I promised a post on 1 Corinthians 13 and I'm giving it.

1 Corinthians 13:11-13
11 When I was a child, I spoke and thought and reasoned as a child. But when I grew up, I put away childish things. 12 Now we see things imperfectly as in a cloudy mirror, but then we will see everything with perfect clarity. All that I know now is partial and incomplete, but then I will know everything completely, just as God now knows me completely.
13 Three things will last forever—faith, hope, and love—and the greatest of these is love.

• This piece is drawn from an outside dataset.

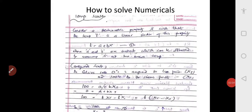Where a and b are constants which are obtained by measuring x at two known temperatures. The first known temperature is the ice point, that is 0 degree centigrade, and the second is the steam point, that is 100 degree centigrade. The ice point will be represented as x_i and the steam point will be represented as x_s.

A girl is standing in a dark room. She sees two mirrors. The first mirror she comes to is supposed to tell her who God sees her as and who He wants her to be. But for some reason the mirror has clouds all over it. No matter what she does she can't get them to go away. She desperately wants to see herself for who God has made her, but she simply can't. The second mirror she walks to is supposed to show her what her life is going to look like and the reasons behind what has happened in her life. Still, that mirror too, is cloudy. She becomes frustrated as she feels her mind begin to cloud over along with the mirror. She knows that God is with her and that her life will file out the way it is supposed to, but she wants to understand NOW. Her knowledge of everything she thought she knew seems so weak, her thoughts becoming an entanglement of chaos and confusion, hurt and trampled. The first mirror clears out ever so often, bits and pieces as she begins to understand who God sees her as being and what God has placed in her heart. But then the mirror clouds back over as her desperation strengthens; sometimes she gets frustrated with it and sometimes she gets a peace that it's ok. The second mirror does the same as the first. In the same moment of clearing something in her life unfolds and she looks back and realizes what steps got her to that place. But there is still so much cloud in front of her mirror that she begins to wonder if God has a hand on the things in her life.




I have always looked over the verses above, not understanding them completely. I loved the first section of it and verse 13: all about what love is, but the stuff in the middle? Naw, I never really thought twice about it, sort of confused when I read it and why it would be stuck in the middle of the love chapter. As I was reading it a few weeks ago something hit me. It wasn't even exactly about what I just wrote up there, but God works in cool ways, doesn't He? You read the same thing at two different times and can get two different things out of it.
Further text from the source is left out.